For a child on their first day of school, it can be fear. When they become a teenager, it brings excitement and joy, with life rolling along pleasantly until they hit the 30-year mark.

Then they think the best years of their life have come to an end — despair — and at 40 it’s all gloom and doom, with black balloons floating above the birthday cake. At 50 they’re astounded and amazed realizing they’re half a century old, sliding along until their 60s, retirement and Medicare greeted with some sort of relaxation gnawed at by uncertainty.

Becoming a septuagenarian at 70, supposedly the silver years, they experience days filled with aching joints, but at 80 everything seems to start falling apart. They realize with dread that they’re on third base and getting ready to slide into the home plate of life.

‘What counts is not the years in your life but the life in your years.’ — Adlai E. Stevenson

Facing our birthdays after the half-century mark, we need to keep calm and be crazy, laugh, love and live it up because this is the oldest we’ve ever been and the youngest we’ll ever be again.

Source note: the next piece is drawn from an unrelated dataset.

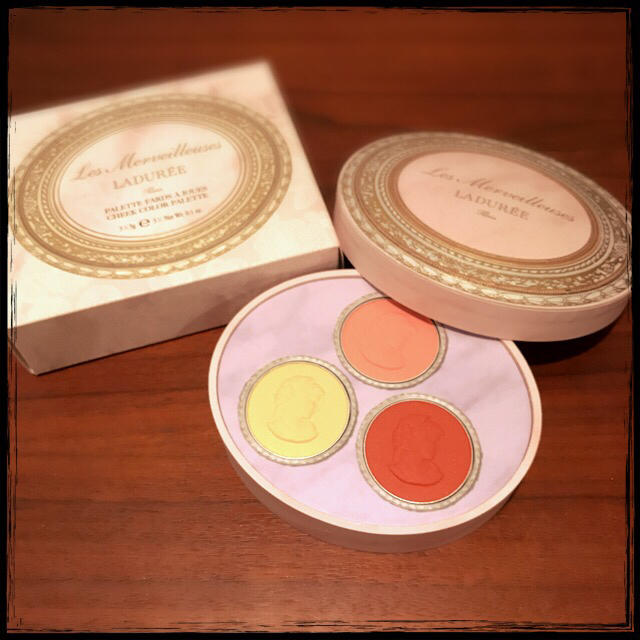 Les Merveilleuses LADUREE(レメルヴェイユーズラデュレ)のラデュレ♡限定♡チークパレット♡未使用 コスメ/美容のベースメイク/化粧品(チーク)の商品写真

Concerning age and getting older (like Maxine would say), I don’t want people looking at me thinking, “What a sweet little old lady.” Instead, I want them thinking, “What is she up to now?”

I have to go along with Henry David Thoreau when he said, “Life is frittered away by details; simplify, simplify, simplify.”

Upon arising with a hot cup of coffee, after my scripture time at 5 each morning, I divert to the comic strips for a daily dose of Brian Crane’s “Pickles” to keep up with Earl and Opal, then scroll down to see what Dennis the Menace is up to before starting out my day. Simplified.

In a Pickles comic on age, Opal is talking to Earl, saying: “It’s true, older people are much more serene. This article says that sixty-five percent of seniors feel at peace, compared to only forty percent of young people. I think it’s because of the wisdom and perspective we’ve gained over the years.” To which Earl responds: “Being plum tuckered out all the time might account for some of it too.”

In another Pickles comic, Nelson, the grandson, says to Earl: “Grandpa, how come kids always have to do what old people tell them?” Earl’s response: “That’s because kids’ brains aren’t fully ripened like adult brains, so you shouldn’t call us old people, you should call us ‘the people with ripe brains.’”

As we age, we sometimes become forgetful. In a Dennis the Menace cartoon by Hamilton/S.Ketchum, as Dennis and his dad exit their car when shopping, Dennis pipes up and says, “Dad, you left your keys in the car, but don’t worry… I pushed that lock button so no one can steal them!”

To capture the concept of getting older, an old Irish saying sums it up: “May your neighbors respect you, trouble neglect you, the angels protect you, and heaven accept you.”

Mark Twain said, “The only person that likes change is a wet baby!” So welcome, 2021. It’s time for a change!